Although I’ve been a Social Media consultant for over a decade and Social Media and SEO go together like cats and viral videos, I spent years resisting SEO best practices.
In my mind SEO was the antithesis of creativity. To write content that was optimized for SEO was to write for a computer program as opposed to writing for other feeling, thinking, and dreaming human beings. But as a marketer, resistance to SEO best practices was futile. I had to find a compromise. What I learned in the process was that although content that is written specifically for search engines and have titles that get a lot of clicks may attract lots of traffic, if there was no substance and no emotional connection, all that traffic is worthless. The focus of any content should first and foremost be on making a connection with the audience. The more I learned about SEO, the more I learned that making a connection is also a good SEO practice. Here is why.
SEO and Dwell Time
Ok. Before I dive into “dwell time” I want to point out what I just did here. I used a header tag with a subtitle that not only describes what I am about to talk about, but also includes keywords. My content is still conversational here, but I am sprinkling in some SEO best practices.
Keywords should be in URL, Title Tag, H1 or H2 Tags, Image Alt Tags, Image URLs, Body Copy.
If you want more information about the hows and whys of header tags, I recommend this site.
And if you like my conversational tone then you are taking the time to read the rest of my words and not just the keywords that may have brought you to this post. That means you are sticking around on the site for a period of time. That is the dwell time – how long searchers spend on the clicked-through result before returning to their search results.
Google is the number one resource for all of our questions for one main reason: It delivers good answers at the top of search results quickly. It does so by watching users behavior. If a search result is causing users to “bounce” off the site quickly, then it was not a good result and it will get pushed down on the Search Engine Results Page (SERP) or maybe even disappear completely.
Good, engaging content gets people to stay on the page longer and that helps your SEO. This is also one of the reasons why you want to lead people from one page to other interesting and relevant content on your site through internal links.
Tell Me What You are Going to Tell Me
This is rule number one in any communication; written or spoken or in a song or piece of art. You need to set expectations and then deliver on that expectation.
But how does this impact SEO? Google (and those other search engines) evaluate the click-through rate-ratio to determine the quality of your content. This is the number of times a given search listing is clicked vs the number of times it was displayed. Meaning, is your title and meta data (the description) displayed in a search result, and do a significant number of people click on your link? If not, then Google will determine you are not what the searchers are looking for and your content will disappear.
This is why click-bait titles work for SEO. People see an enticing title such as “10 things you need to know about sunblock” and they click to find out what it is they need to know.

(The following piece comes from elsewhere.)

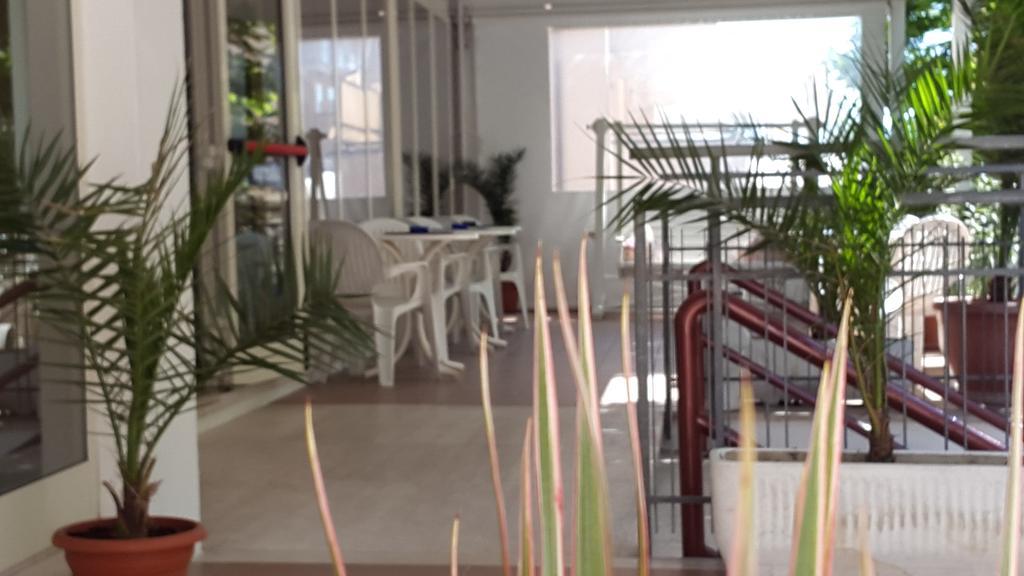 Hotel Nives Rimini Eksteriør billede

But if the content is basically an infomercial about a brand of sunblock, then people will leave the site disappointed. Perhaps the brand has more reach and awareness, but they did not earn trust and satisfaction. So not only should you set the right expectations upfront, they should be expectations that attract readers and when you deliver on those expectations your readers should leave delighted, wanting to share their newfound knowledge. Which leads to the third SEO tip.

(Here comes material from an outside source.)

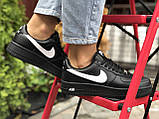 Жіночі зимові кросівки Nike Air Force шкіряні чорні з білим, фото 5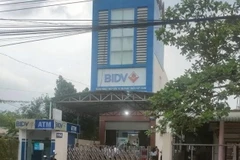 Chi nhánh BIDV tỉnh Bình Dương sau vụ cướp vào chiều nay.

Get People Talking About You
The more people share your content on social media, the more traffic your site will get. The more traffic you get, the more Google (and other search engines) will pay attention. Also, if others are linking to your content from their own blogs or website, your page will increase in authority –meaning Google will see it as the the go-to page or site for the information you write about.
This is why people who are focused on writing for people and not just trying to game the search engine algorithms will always win in the end. Good content with well-formed urls and meta data that shows up as you want it when other share your content, enables you to make sure each piece of content is well-packaged to travel throughout the web. And the best way to get people to share your content is to become part of or create an online community through social media platforms where your content is seen as valuable. That’s a winning combination.